The first basic combat Spell/Exploit is a Bolt. The basic Bolt affects one Target, is a hand to hand attack and costs no hit points. The basic Bolt can do three different levels off effect depending on the choices of the Player. 
· Effect 1 does 1d6 damage. 
· Effect 2 does 1d4 damage and causes a Condition until the end of the Player’s next turn. 
· Effect 3 causes a Condition on the Target until the Target makes a Saving Throw.
· For 1 hit point a Bolt can be made a ranged attack with a range of Short. For 2 hit points a Bolt can be given a range of Medium. For 3 hit points a Bolt can be given a range of Long. 
· For 1 hit point two effects can be added together. For 2 hit point three effects can be added together. For 4 hit points four effects can be added together.

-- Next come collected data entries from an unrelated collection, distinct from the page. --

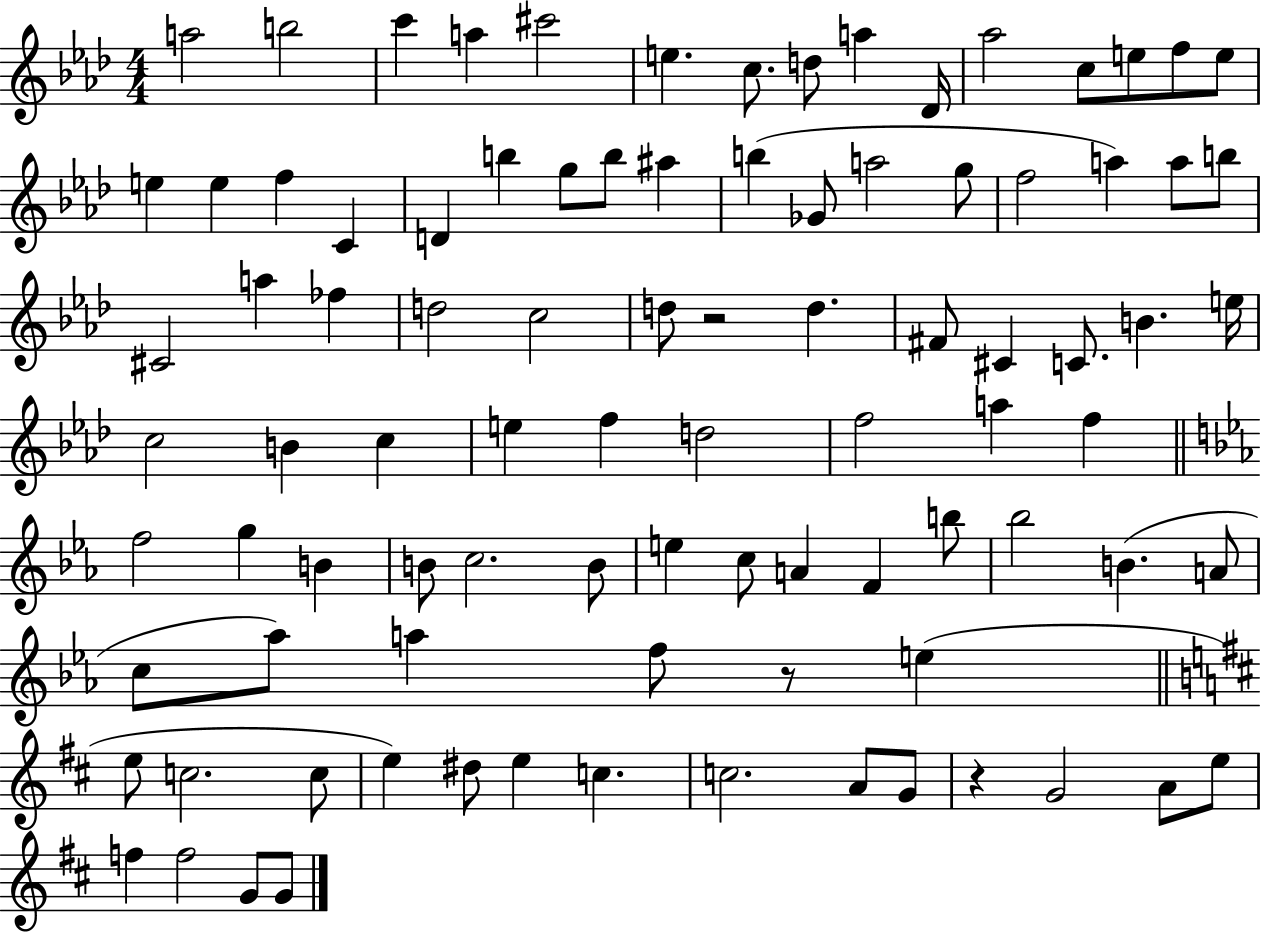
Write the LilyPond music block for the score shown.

{
  \clef treble
  \numericTimeSignature
  \time 4/4
  \key aes \major
  a''2 b''2 | c'''4 a''4 cis'''2 | e''4. c''8. d''8 a''4 des'16 | aes''2 c''8 e''8 f''8 e''8 | \break e''4 e''4 f''4 c'4 | d'4 b''4 g''8 b''8 ais''4 | b''4( ges'8 a''2 g''8 | f''2 a''4) a''8 b''8 | \break cis'2 a''4 fes''4 | d''2 c''2 | d''8 r2 d''4. | fis'8 cis'4 c'8. b'4. e''16 | \break c''2 b'4 c''4 | e''4 f''4 d''2 | f''2 a''4 f''4 | \bar "||" \break \key c \minor f''2 g''4 b'4 | b'8 c''2. b'8 | e''4 c''8 a'4 f'4 b''8 | bes''2 b'4.( a'8 | \break c''8 aes''8) a''4 f''8 r8 e''4( | \bar "||" \break \key d \major e''8 c''2. c''8 | e''4) dis''8 e''4 c''4. | c''2. a'8 g'8 | r4 g'2 a'8 e''8 | \break f''4 f''2 g'8 g'8 | \bar "|."
}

The second basic combat Spell/Exploit is a Burst. The basic Burst affects all Targets in its area and costs 1 hit point. The basic burst can do two levels of effect.
· Effect 1 does 1d6 damage to all Targets in the Area. The area of the basic Burst is the square it is cast on plus a radius of 1 (9 squares total). Target gets a Saving Throw for half damage.
· Effect 2 causes a Condition on the Target. The area of the basic Burst is the square it is cast on plus a radius of 1 (9 squares total). The condition lasts until the end of the Player’s next turn or until the Target makes a Saving Throw, whichever comes later.
· For 1 hit point the origin square can be immune to the effect of a Burst.
· For 1 hit point a Burst can be made a ranged attack with a range of Short. For 2 hit points a Burst can be given a range of Medium. For 3 hit points a Burst can be given a range of Long. 
· For 1 hit point two effects can be added together. For 2 hit points three effects can be added together. For 4 hit points four effects can be added together.
· For 1 hit point the radius can be increased by 1 (20 squares total). For 2 hit points the radius can be increased by 2 (36 squares total). For 4 hit points the radius can be increased by 3 (49 squares total).

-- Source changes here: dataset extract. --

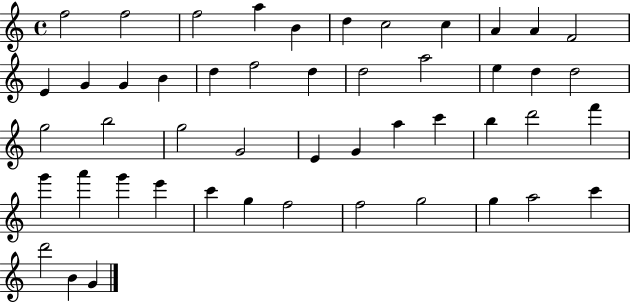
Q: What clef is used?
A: treble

Combat Spell/Exploit damage increases by one dice type (d4->d6, d6->d8, etc) every four levels. 


A Healing Word is a Spell/Exploit that gives the target another Second Wind in combat. Each Healing Word Spell will only work on a given target once per day. The basic healing Spell/Exploit is the Minor Healing Word.

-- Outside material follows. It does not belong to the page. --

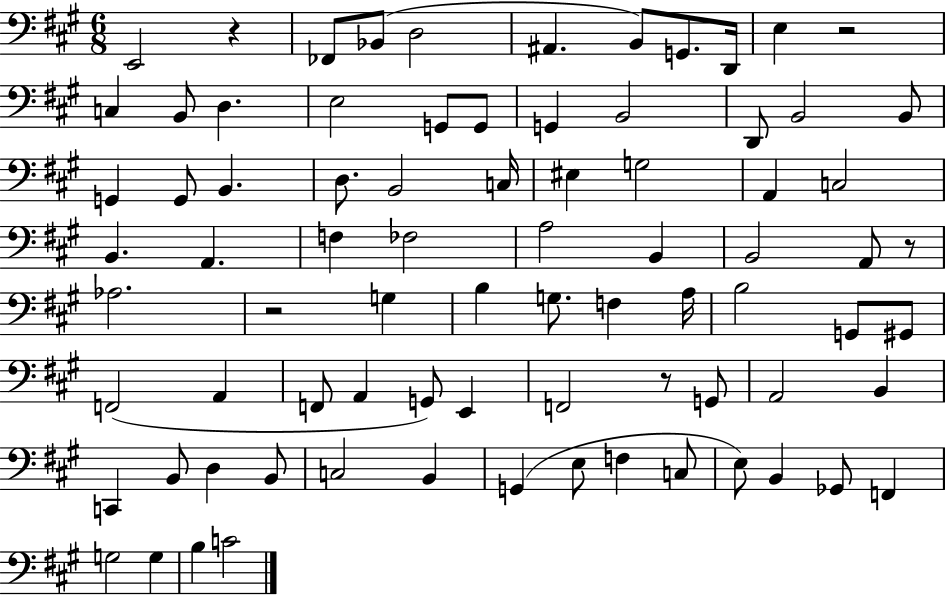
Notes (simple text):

E2/h R/q FES2/e Bb2/e D3/h A#2/q. B2/e G2/e. D2/s E3/q R/h C3/q B2/e D3/q. E3/h G2/e G2/e G2/q B2/h D2/e B2/h B2/e G2/q G2/e B2/q. D3/e. B2/h C3/s EIS3/q G3/h A2/q C3/h B2/q. A2/q. F3/q FES3/h A3/h B2/q B2/h A2/e R/e Ab3/h. R/h G3/q B3/q G3/e. F3/q A3/s B3/h G2/e G#2/e F2/h A2/q F2/e A2/q G2/e E2/q F2/h R/e G2/e A2/h B2/q C2/q B2/e D3/q B2/e C3/h B2/q G2/q E3/e F3/q C3/e E3/e B2/q Gb2/e F2/q G3/h G3/q B3/q C4/h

Minor Healing Word costs 1 hit point for Mages and 2 hit points for Warriors.
Lesser Healing Word costs 2 hit points for Mages and 4 hit points for Warriors.
Greater Healing Word costs 4 hit points for Mages and 2 hit points for Warriors.
Major Healing Word costs 8 hit points for Mages and 16 hit points for Warriors.
*Heroism*
Every Player Character has a number of d6 Heroism dice, equal to their level, which can be added to the following rolls once per encounter: Attack, Damage, Skill, Hit Points. They can be added, 1 die per roll, before, during or after a roll. At level 11+ you can add 2 die per roll. At level 21+ you can add 3 die per roll. A Mage can not use Heroism on any Spell effects unless he is using an attuned Implement.

Any Player can give their Character’s Heroism dice to another Player’s Character instead of using them on themselves. 

*Skills*
There are 3 standard skills: Physical, Subterfuge and Knowledge. 

Roll higher than the given Difficulty Class to succeed.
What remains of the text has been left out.